Although your books were translated for forty languages and are very popular, a lot of people know your work because of the movies. Do you agree with that? What do you think about it?
Hollywood only recently "discovered" my books, hence it would be difficult to talk about any serious influence of film adaptations on the reception of my works. Apart from Tarkovsky's "Solaris" Soderbergh's movie was the first high-budget Hollywood adaptation of my works.
I don't know if it's true, but I read that you didn't like Tarkovsky's "Solaris" when it was released. Is that right? Why didn't you like it (or why did you like it)? Since then, did you change your mind?
I definitely did not like Tarkovsky's "Solaris". Tarkovsky and I differed deeply in our perception of the novel. While I thought that the book's ending suggested that Kelvin expected to find something astonishing in the universe, Tarkovsky tried to create a vision of an unpleasant cosmos which was followed by the conclusion that one should immediately return to Mother-Earth. We were like a pair of harnessed horses: each of them pulling the cart in the opposite direction.
What about the Soderbergh's film? What are the good and the bad points of the movie?

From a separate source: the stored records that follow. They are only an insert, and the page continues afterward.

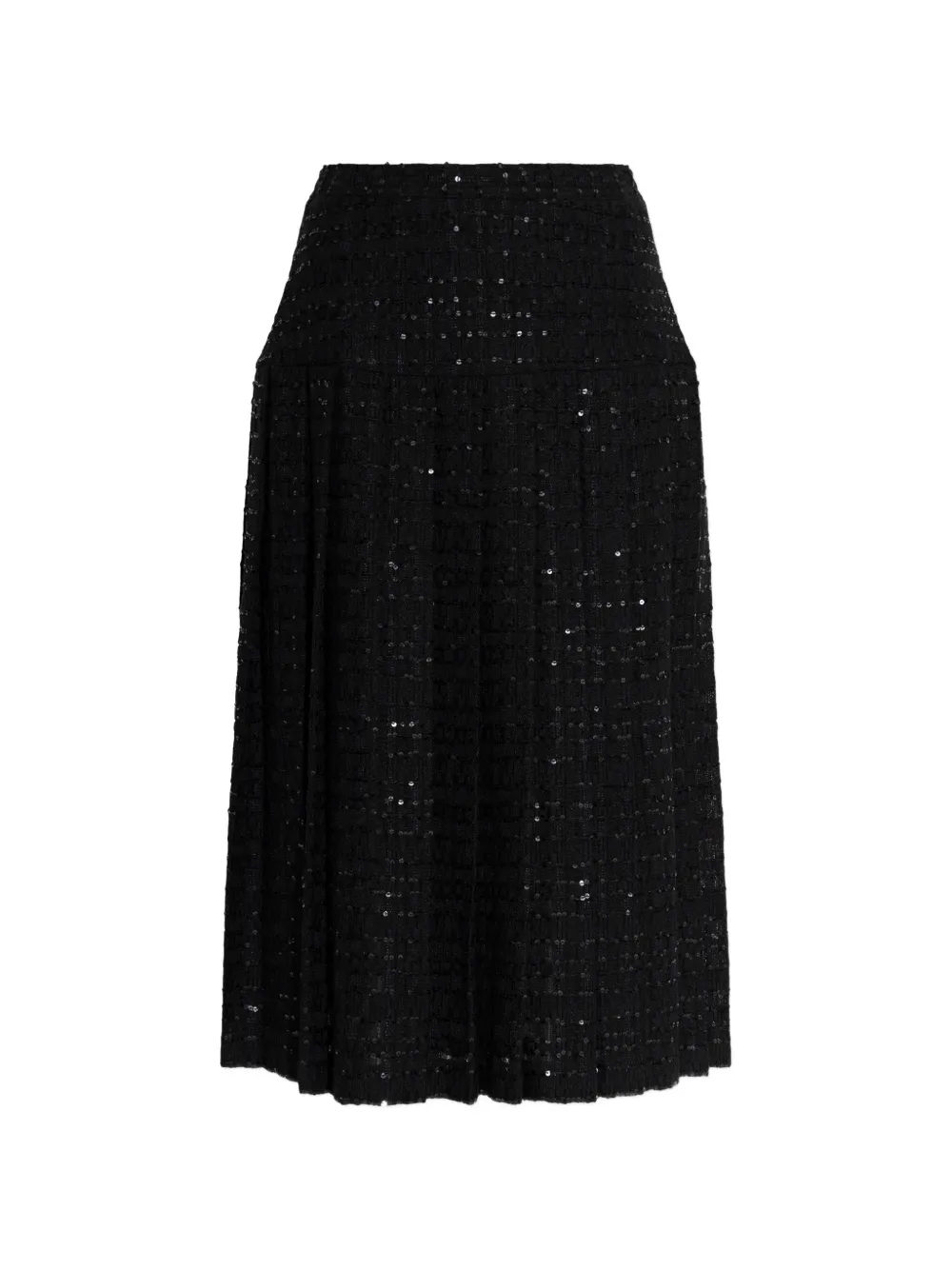 Alessandra Rich sequin slit skirt - Nero
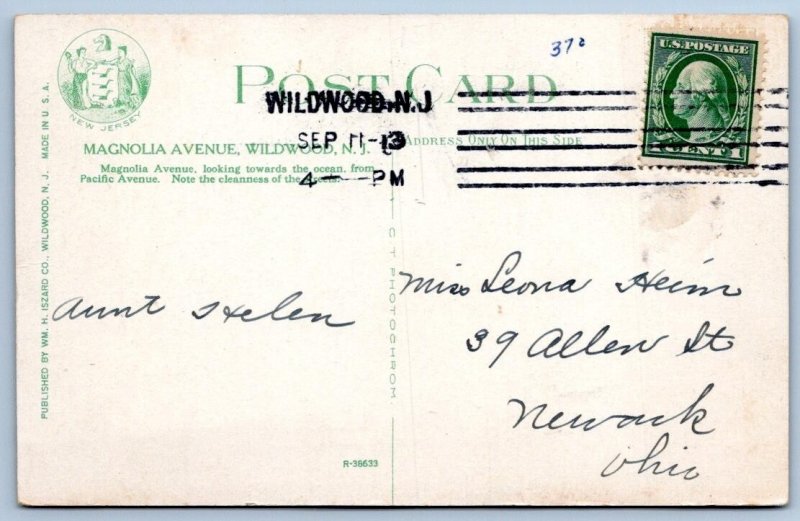 1913 MAGNOLIA AVENUE ARCADIA HOTEL WILDWOOD NJ ANTIQUE POSTCARD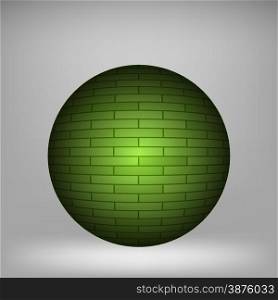 Green Brick Sphere on Grey Background for your Design. . Brick Circle
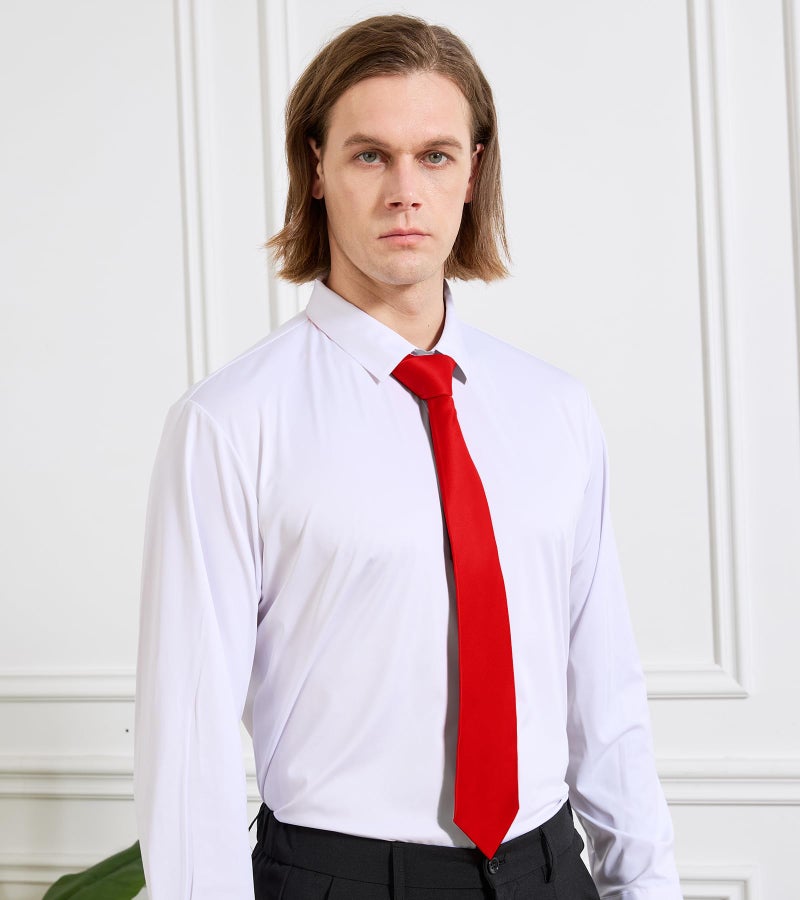 KOOELLE Men's Red Tie Solid Pure Color Plain Formal Red Ties For Men - Image 2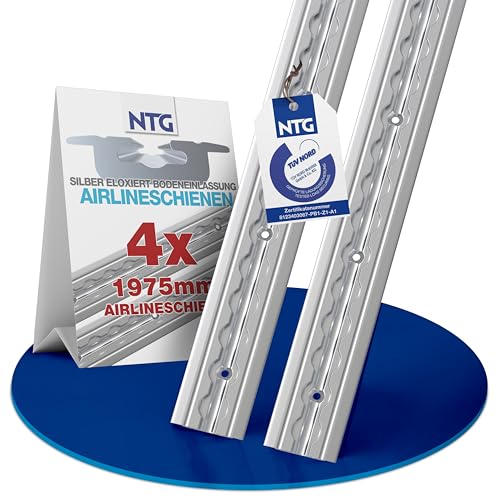 NTG 4 Stück Alu Airlineschiene| 2m | zum Einlassen | versenkbar als Bodenprofil | mit Bohrungen | 1975mm (Gesamt 8 Meter)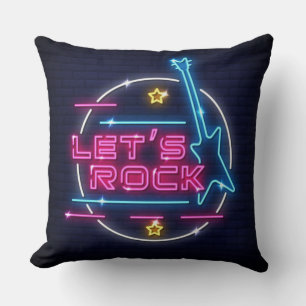 Låt oss Sten Retro Neon Kudde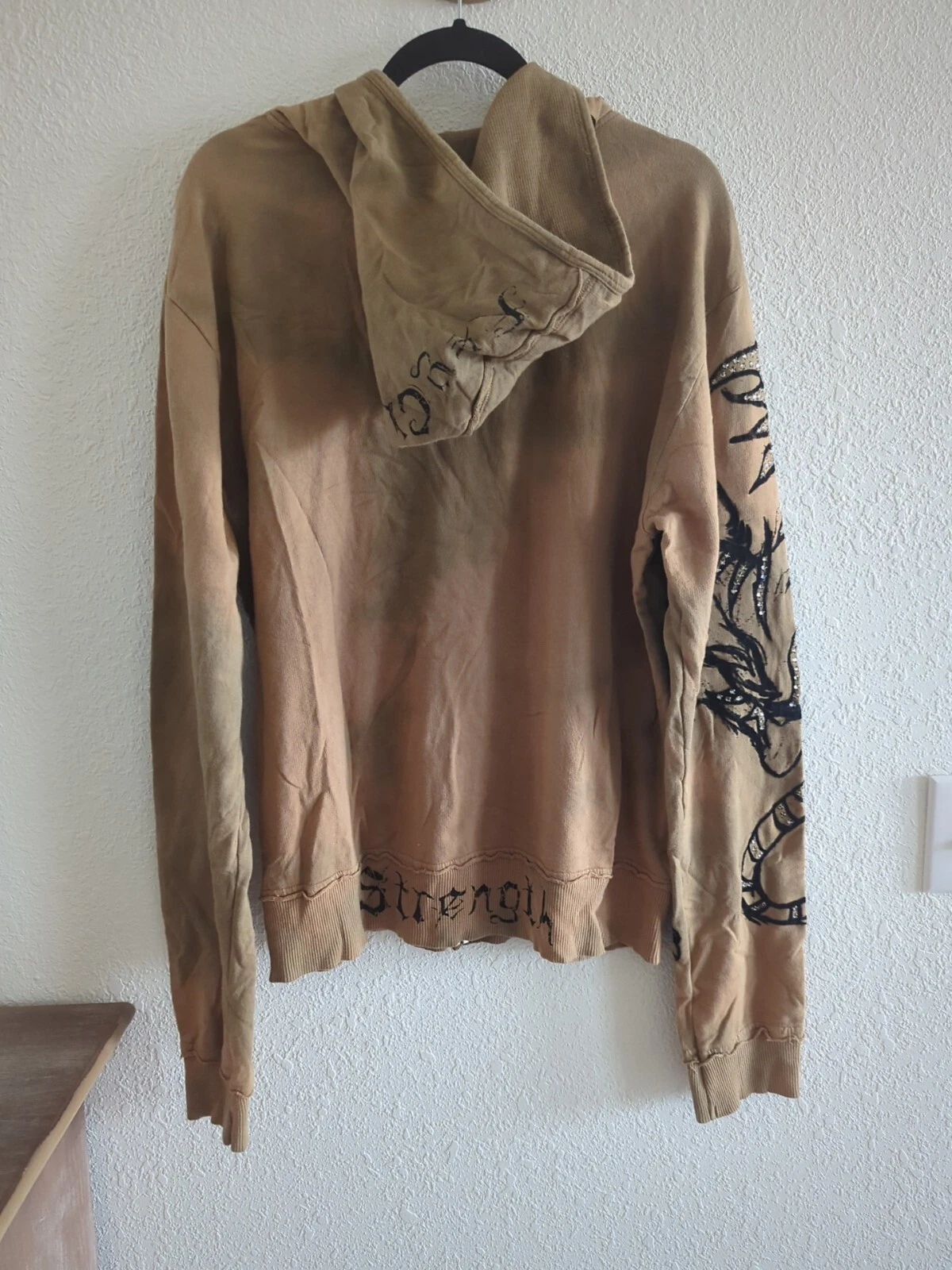 OFF WHITE KEY CLOSET Felpa Giacca Iconica Zip con Stampa Tribale Tigre Ecrù Tan Large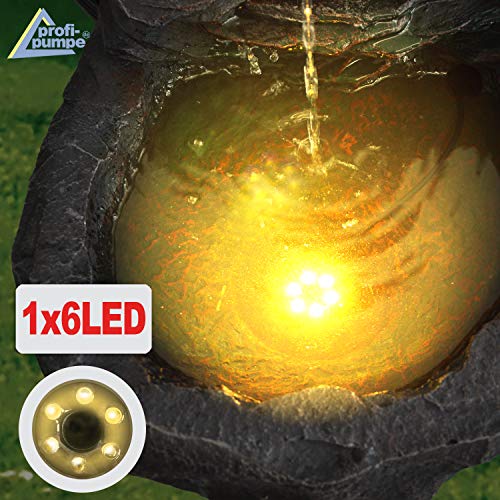AMUR Gartenbrunnen Brunnen Zierbrunnen Zimmerbrunnen Brunnen Vogelbad Durstiger Frosch mit LED-Licht 230V Wasserfall Wasserspiel für Garten, Gartenteich, Terrasse, Teich, Balkon Sehr Dekorativ - 6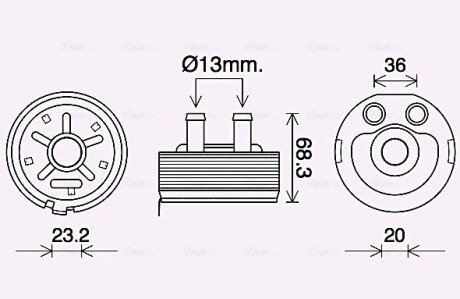 AVA NISSAN масляний радіатор Almera II, Navara, Primera, X-Trail 2.2dCi/2.5td 00- ava cooling systems DN3443 на Ниссан Primera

Although I admit that Soderbergh's vision is not devoid of ambition, taste and climate, I am not delighted with the prominence of love. "Solaris" may be perceived as a river basin - and Soderbergh chose only one of its tributaries. The main problem seems the fact that even such a tragic-romantic adaptation seems too demanding for mass audience fed with Hollywood pap. If in the future someone else dared a faithful adaptation, I am afraid the effects would be understood only by a tiny audience.